(Pictures with short captions)
"""
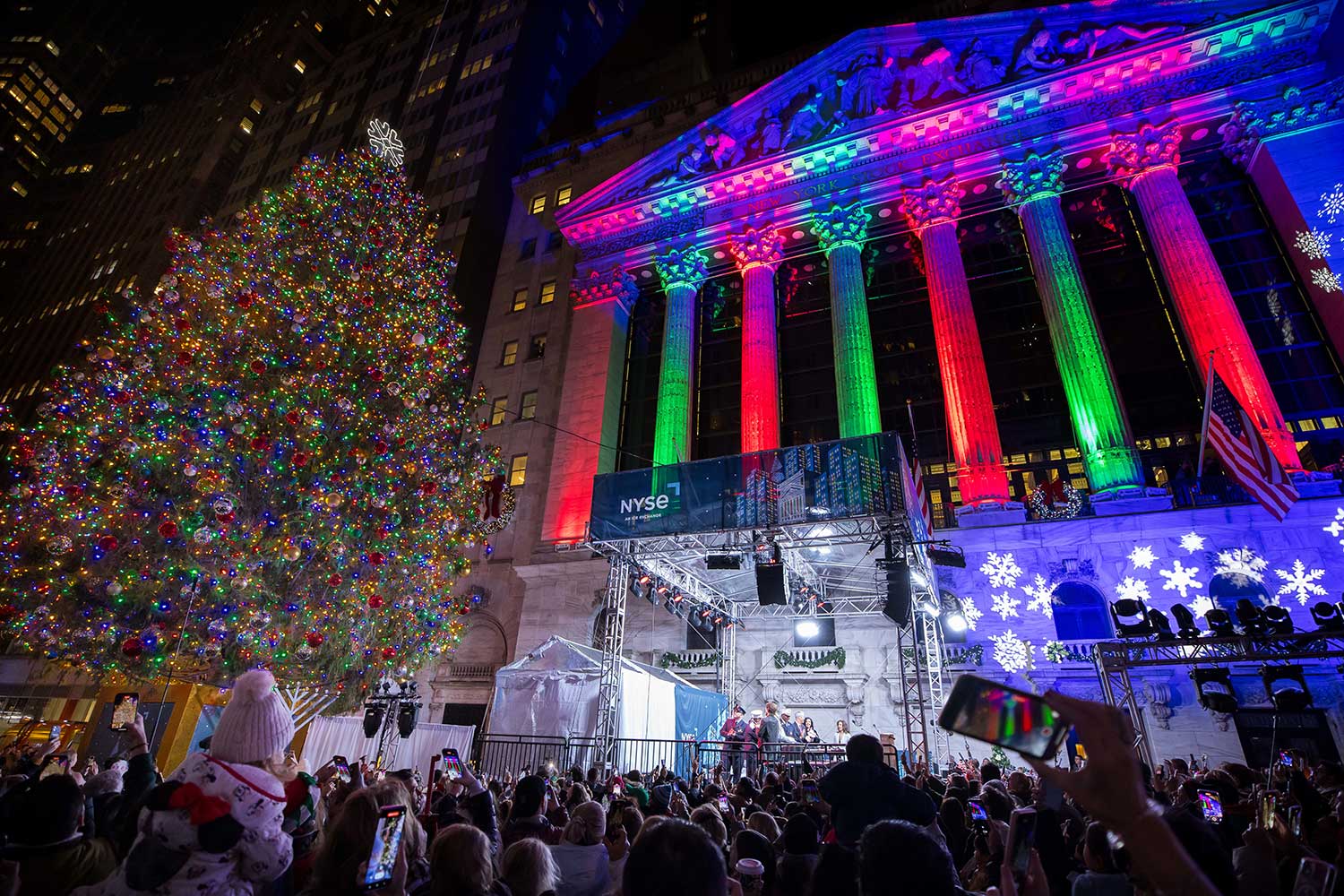 The NYSE Facade at the annual Tree Lighting celebration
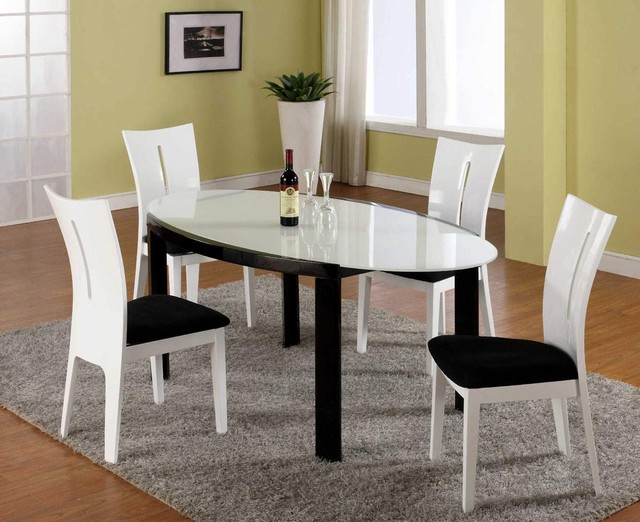 High End Oval Frosted Glass Top Microfiber Seats Modern Dining Set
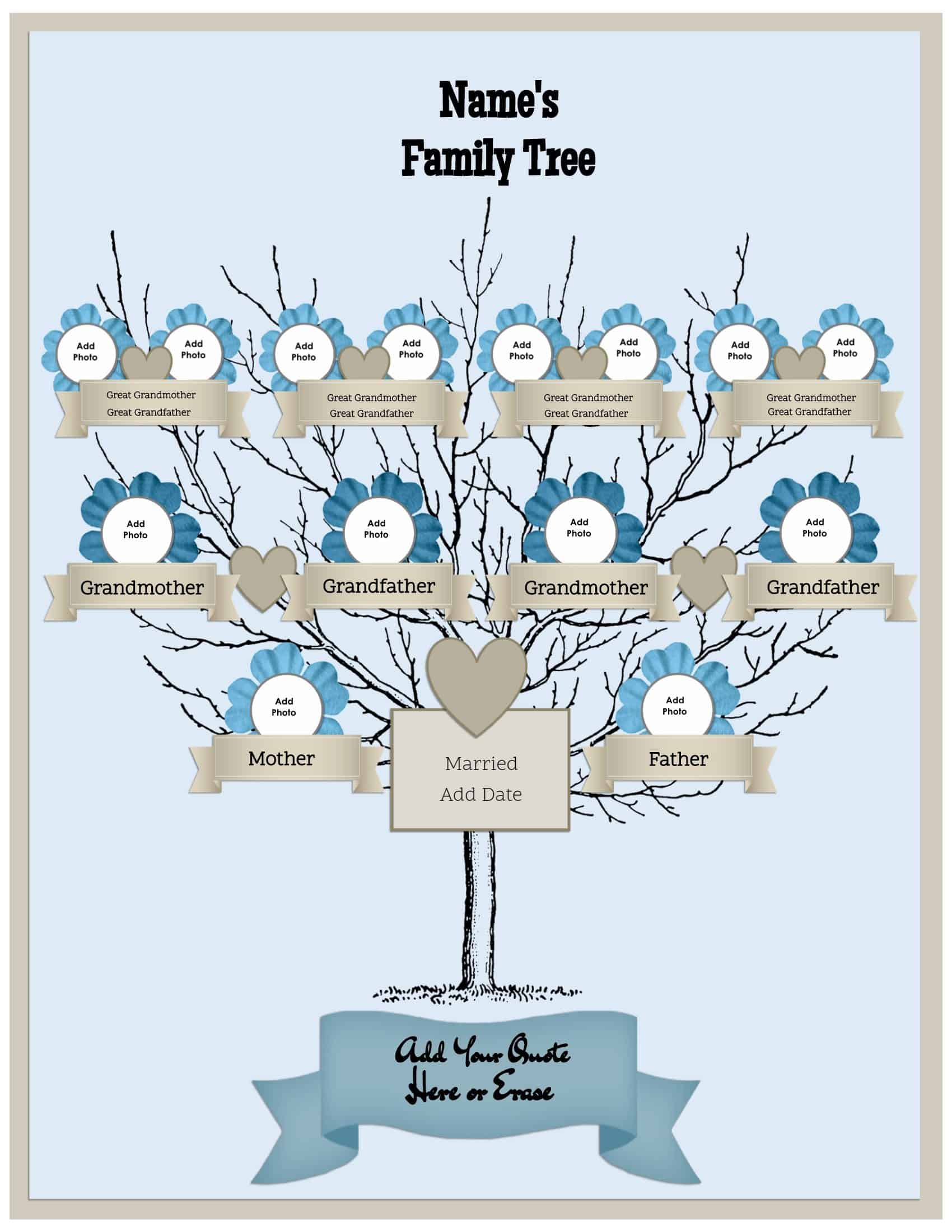 3 Generation Family Tree Generator All Templates Are Free To Customize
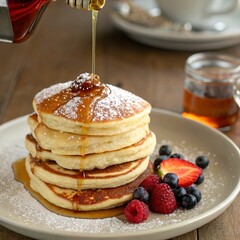 A stack of fluffy pancakes with a drizzle of maple syrup and a sprinkle of powdered sugar, served with a side of berries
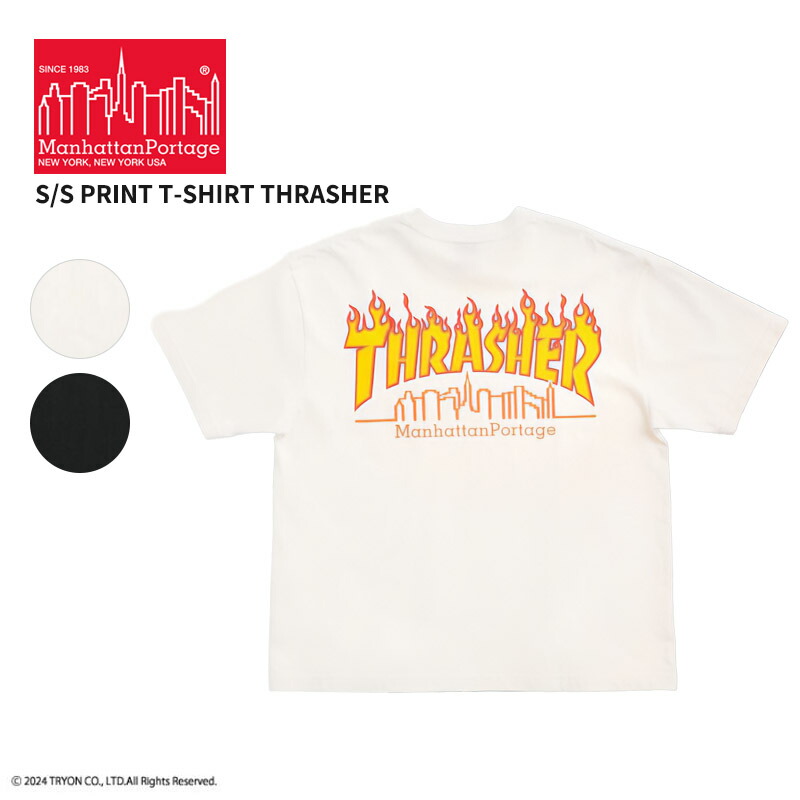 マンハッタン ポーテージ 半袖Tシャツ Manhattan Portage S/S Print T-Shirt THRASHER MP-M583 プリントTシャツ 半袖 6,435円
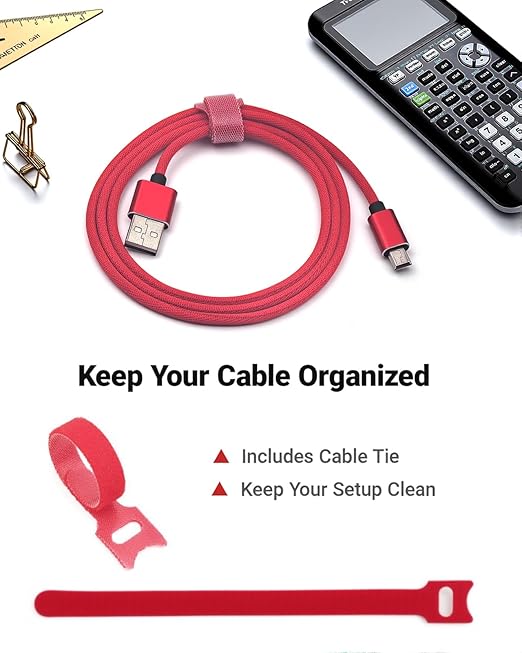 USB Power & Data Cable for TI-84 Plus CE Graphing Calculators, Mini-USB Charging Cord 3.3FT, Nylon Braided, Red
"""
=== ASSIGNMENT ===
Give again, word for word, each line from the one holding "A stack of fluffy" through the end of the entries, and leave out any picture.

=== PROBLEM SOLUTION ===
 A stack of fluffy pancakes with a drizzle of maple syrup and a sprinkle of powdered sugar, served with a side of berries
 マンハッタン ポーテージ 半袖Tシャツ Manhattan Portage S/S Print T-Shirt THRASHER MP-M583 プリントTシャツ 半袖 6,435円
 USB Power & Data Cable for TI-84 Plus CE Graphing Calculators, Mini-USB Charging Cord 3.3FT, Nylon Braided, Red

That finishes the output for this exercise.